Abstract
Background
The improvement of flexion contracture is important in knee arthroplasty since residual flexion contracture postoperatively is associated with decreased quality of life and patient satisfaction. In this study, we investigated the effect of bi-cruciate stabilized (BCS)-type total knee arthroplasty (TKA) as compared to posterior stabilized (PS)-type TKA on osteoarthritic primary knees with flexion contractures.
Methods
59 TKAs from January 2014 to December 2020, of which 30 were PS-type TKAs (NexGen LPS-flexⓇ; 76.3 years, BMI 27.5) and 29 BCS-type TKAs (Journey IIⓇ; 72.5 years, BMI 28.6), were performed for knee osteoarthritis with preoperative flexion contracture of 15° or greater. Full extension was obtained intraoperatively during all TKAs. Clinical outcomes, radiological evaluations, and the amount of additional distal femoral osteotomy during TKA were evaluated in a retrospective study design.
Results
The range of motion improved in the both groups. Postoperative flexion contracture was significantly improved in the BCS group. Knee Society Score improved significantly in both groups, with no difference between the two groups. The amount of additional distal femoral osteotomy was 2.5 ± 1.3 mm for the PS group, and 1.8 ± 1.5 mm for the BCS group, showing a significant difference (p = 0.04).
Discussion
The BCS-type TKA significantly improved preoperative flexion contracture and reduced the amount of additional distal femoral osteotomy compared to PS-type TKA. This is attributed to the anterior cam in the BCS-type TKA, which leads to a smaller amount of protrusion of the posterior femoral condyle from the posterior margin of the tibial component in the BCS-type in knee extension, as compared to the PS-type.
Introduction
Residual flexion contracture after total knee arthroplasty (TKA) leads to a decrease in quality of life and patient satisfaction.1,2 Although various treatments are employed to achieve full extension intraoperatively, preoperative flexion contractures tend to persist postoperatively.1,3,4 Ritter et al. 1 reported that 8.5% of preoperative severe flexion contractures of 20° or more had residual contractures of 10° or more, and 5.4% of preoperative moderate flexion contractures of 6–19° had residual contractures of 10° or more after TKA. One of the causes is the large posterior protrusion of the femoral implant.

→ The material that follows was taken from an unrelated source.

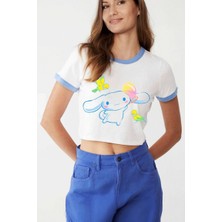 Beyaz Anime Sanrio : Cinnamoroll Bird Friends Kısa Kollu Crop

Mitsuyasu et al. mentioned that the selection of a larger posterior femoral condyle implant increases posterior soft tissue tension. The resulting small extension gap makes full extension difficult, requiring additional distal femoral osteotomy or excessive soft tissue release. 5 Onodera et al. 6 reported that femoral implants with a larger posterior offset lead to relative shortening of the posterior soft tissues and are prone to flexion contractures. In addition, the posterior protrusion of the femoral implant may affect the ability to achieve full extension, especially in knees with preoperative flexion contractures as compared to knees without flexion contractures. Therefore, the posterior protrusion of the femoral implant need to be further reduced in TKA of knees with flexion contractures.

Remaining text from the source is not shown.